SAX is going to spool through the entire document anyway, if you're looking at doing this for performance reasons.
However, from a code niceness perspective, you could have the SAX parser not return the non-matching children, by wiring it up with an XMLFilter. You'd probably still have to write the logic yourself - something like that provided in Wing C. Chen's post - but instead of putting it on your application logic you could abstract it out into a filter implementation.
This would let you reuse the filtering logic more easily, and it would probably make your application code cleaner and easier to follow.
The solution proposed by #Wing C. Chen is more than decent, but in your case, I wouldn't use a stack.
A use case for a stack when parsing XML
A common use case for a stack and XML is for example verifying that XML tags are balanced, when using your own lexer(i.e. hand made XML parser with error tolerance).

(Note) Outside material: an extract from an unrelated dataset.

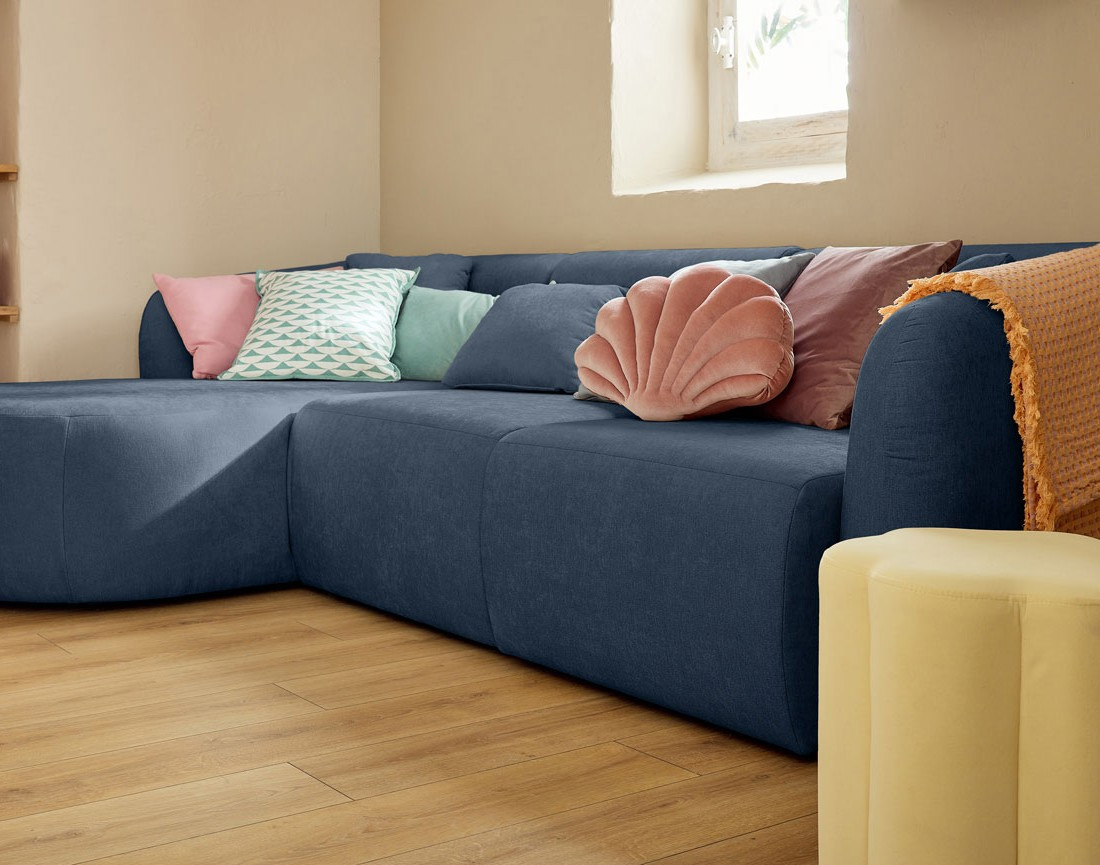 Canapé modulable d'angle gauche 4 places en tissu Ikare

A concrete example of it would be building the outline of an XML document for the Eclipse IDE.
When to use SAX, Pull parsers and alike
Memory efficiency when parsing a huge XML file
You don't need to navigate back and forth in the document.
However Using SAX to parse complex documents can become tedious, especially if you want to apply operations to nodes based on some conditions.
When to use DOM like APis
You want easy access to the nodes
You want to navigate back and forth in the document at any time
Speed is not the main requirement vs development time/readability/maintenance
My recommendation
If you don't have a huge XML, use a DOM like API and select the nodes with XPath.
I prefer Dom4J personally, but I don't mind other APis such as JDom or even Xpp3 which has XPath support.
The SAX Parser will call a method in your implementation, every time it hits a tag. If you want different behavior depending on the parent, you have to save it to a variable.
If you want to jump to particular tags then you would need to use a DOM parser. This will read the entire document into memory and then provide various ways of accessing particular nodes of the tree, such as requesting a tag by name then asking for the children of that tag.
So if you are not restricted to SAX then I would recommend DOM. I think the main reason for using SAX over DOM is that DOM requires more memory since the entire document is loaded at once.